Brief descriptive captions

----------------

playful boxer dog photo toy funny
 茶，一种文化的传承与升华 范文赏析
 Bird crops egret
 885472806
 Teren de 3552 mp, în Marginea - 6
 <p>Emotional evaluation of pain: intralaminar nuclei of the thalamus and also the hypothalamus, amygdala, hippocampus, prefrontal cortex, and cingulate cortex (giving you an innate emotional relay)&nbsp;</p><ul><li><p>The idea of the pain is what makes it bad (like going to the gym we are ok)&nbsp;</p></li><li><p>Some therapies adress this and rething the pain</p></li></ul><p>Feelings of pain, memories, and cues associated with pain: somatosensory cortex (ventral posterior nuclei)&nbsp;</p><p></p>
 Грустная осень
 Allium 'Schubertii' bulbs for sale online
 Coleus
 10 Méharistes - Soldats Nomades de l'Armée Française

----------------

● What you need to do: Write out, exactly as they appear, the lines from the one containing "茶，一种文化的传承与升华 范文赏析" through the last line of the records above, both included, and nothing more.

● Your response:
 茶，一种文化的传承与升华 范文赏析
 Bird crops egret
 885472806
 Teren de 3552 mp, în Marginea - 6
 <p>Emotional evaluation of pain: intralaminar nuclei of the thalamus and also the hypothalamus, amygdala, hippocampus, prefrontal cortex, and cingulate cortex (giving you an innate emotional relay)&nbsp;</p><ul><li><p>The idea of the pain is what makes it bad (like going to the gym we are ok)&nbsp;</p></li><li><p>Some therapies adress this and rething the pain</p></li></ul><p>Feelings of pain, memories, and cues associated with pain: somatosensory cortex (ventral posterior nuclei)&nbsp;</p><p></p>
 Грустная осень
 Allium 'Schubertii' bulbs for sale online
 Coleus
 10 Méharistes - Soldats Nomades de l'Armée Française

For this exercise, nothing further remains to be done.